**What you need to do**
Apart from the pictures, the listing is to be returned exactly.

**Recorded information**
_ _ _ _ _

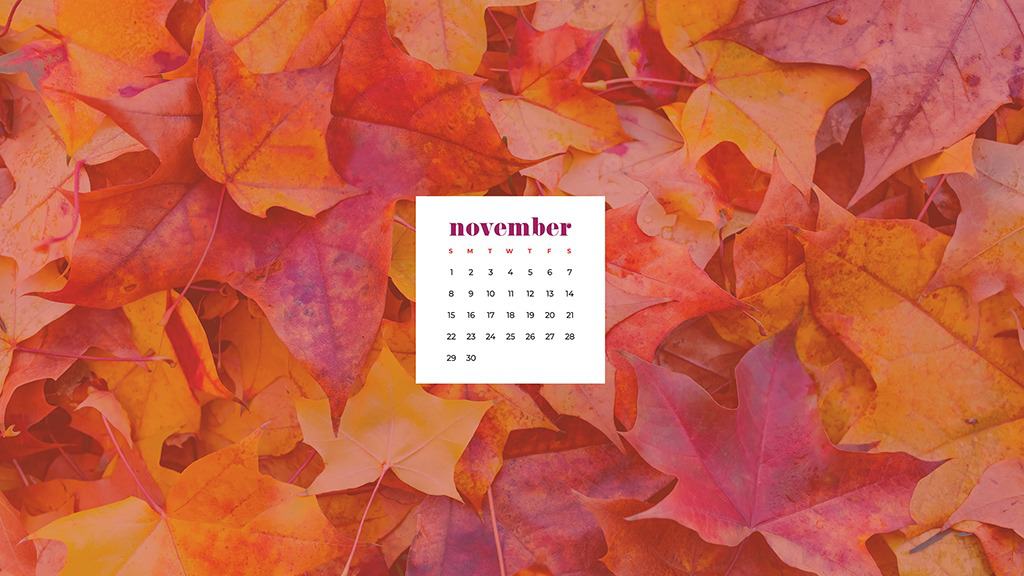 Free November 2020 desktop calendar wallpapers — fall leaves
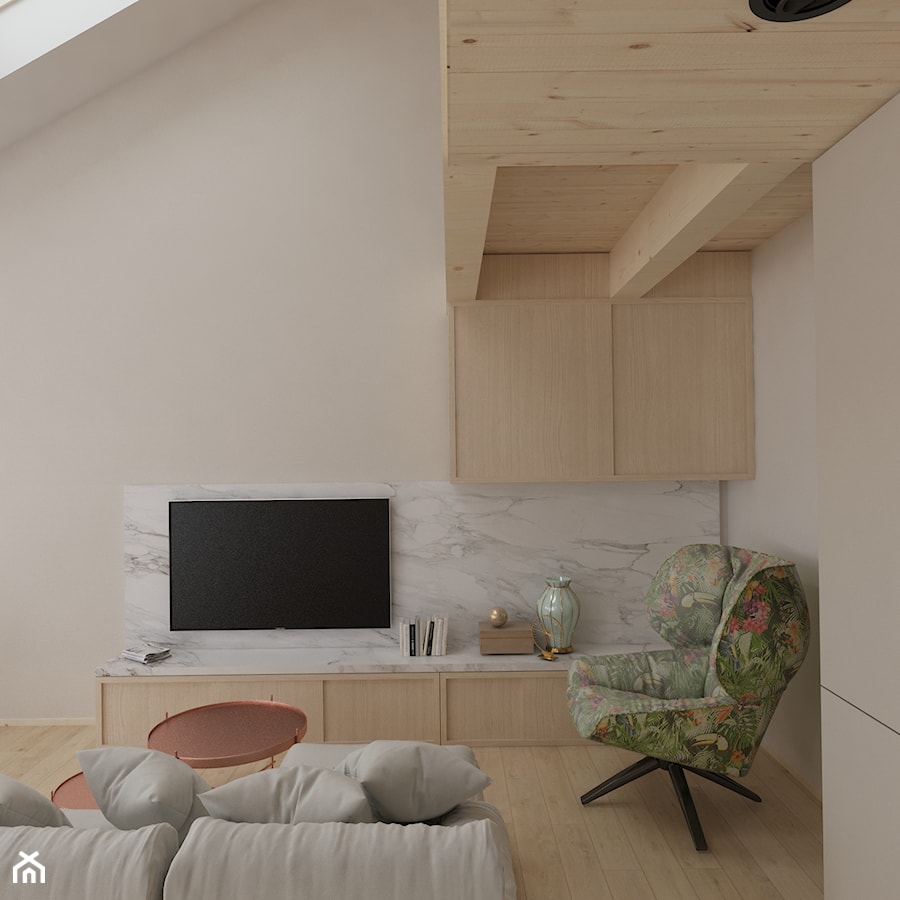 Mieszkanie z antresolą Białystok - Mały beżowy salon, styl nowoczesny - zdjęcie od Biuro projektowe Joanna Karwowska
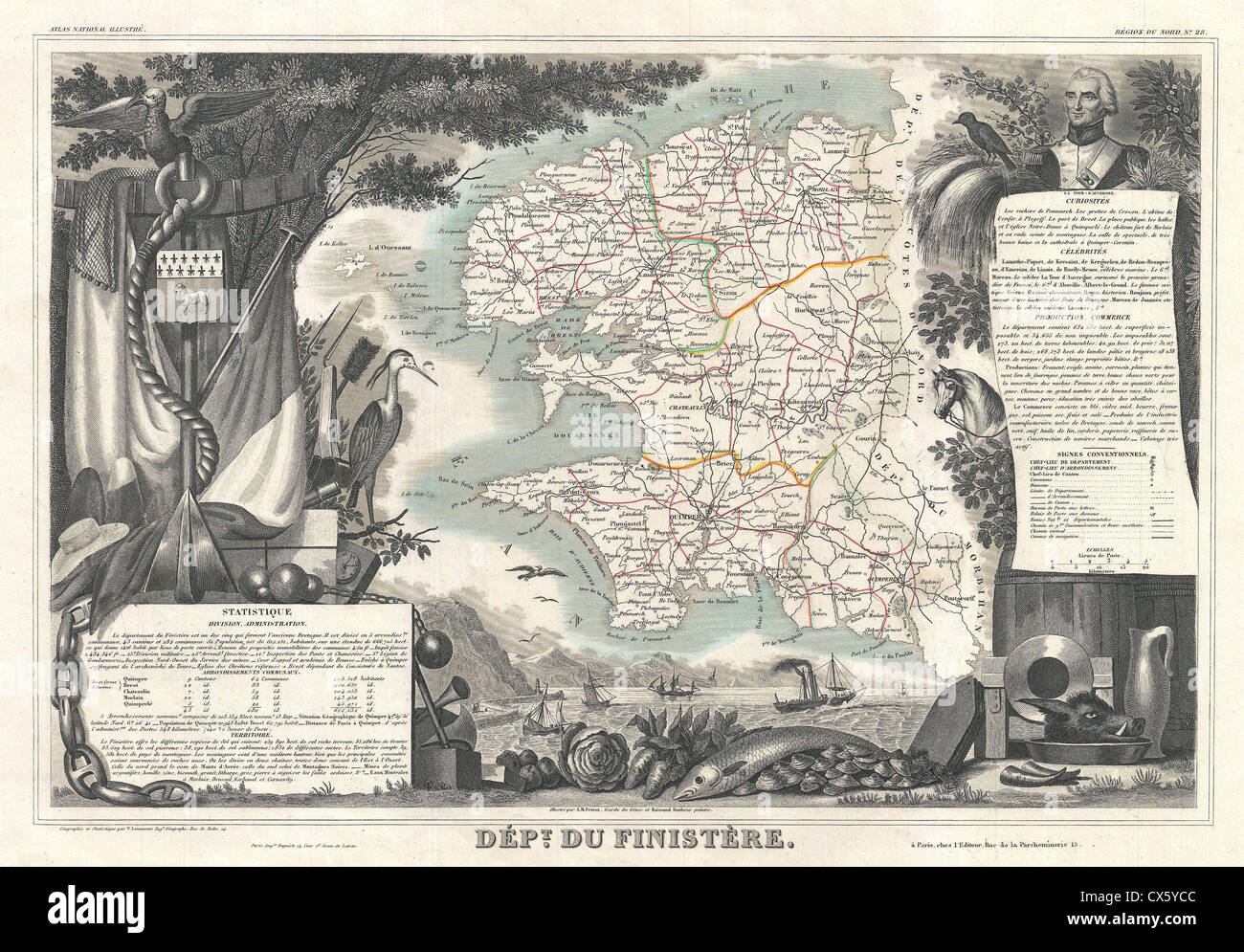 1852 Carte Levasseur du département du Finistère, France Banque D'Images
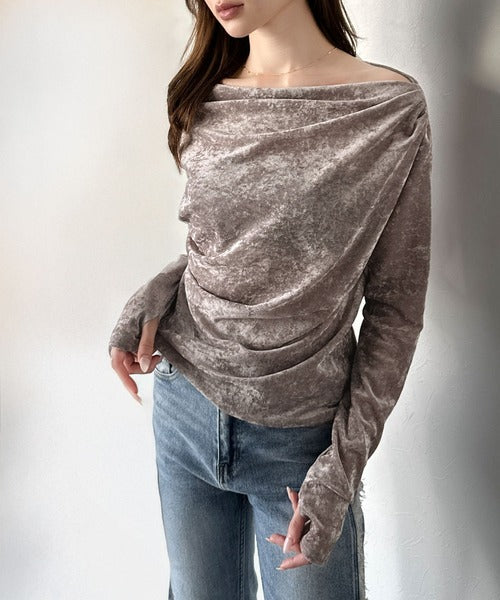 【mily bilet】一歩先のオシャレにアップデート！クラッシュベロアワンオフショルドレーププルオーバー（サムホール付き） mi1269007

_ _ _ _ _

**Your response**
 Free November 2020 desktop calendar wallpapers — fall leaves
 Mieszkanie z antresolą Białystok - Mały beżowy salon, styl nowoczesny - zdjęcie od Biuro projektowe Joanna Karwowska
 1852 Carte Levasseur du département du Finistère, France Banque D'Images
 【mily bilet】一歩先のオシャレにアップデート！クラッシュベロアワンオフショルドレーププルオーバー（サムホール付き） mi1269007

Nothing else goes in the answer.